= Given material =
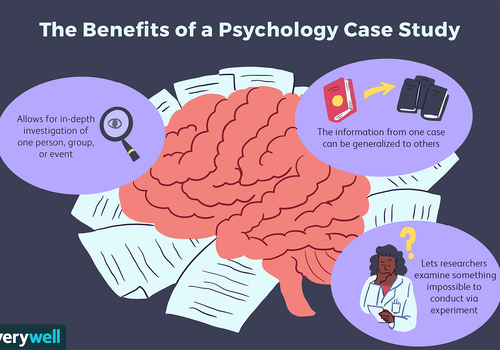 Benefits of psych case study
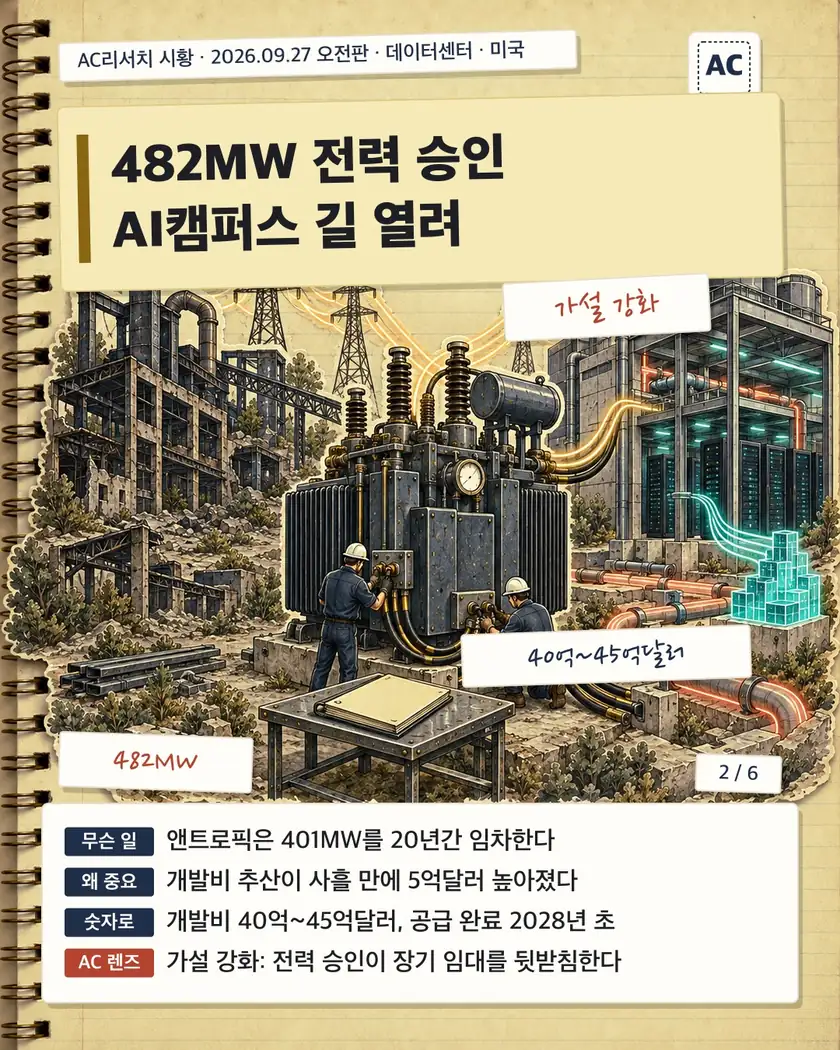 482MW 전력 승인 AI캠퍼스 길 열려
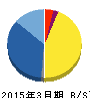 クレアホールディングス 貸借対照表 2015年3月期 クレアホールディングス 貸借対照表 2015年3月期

= What is needed =
Each line of the material goes into your copy unchanged, but no picture does.

= Result for this task =
 Benefits of psych case study
 482MW 전력 승인 AI캠퍼스 길 열려
 クレアホールディングス 貸借対照表 2015年3月期 クレアホールディングス 貸借対照表 2015年3月期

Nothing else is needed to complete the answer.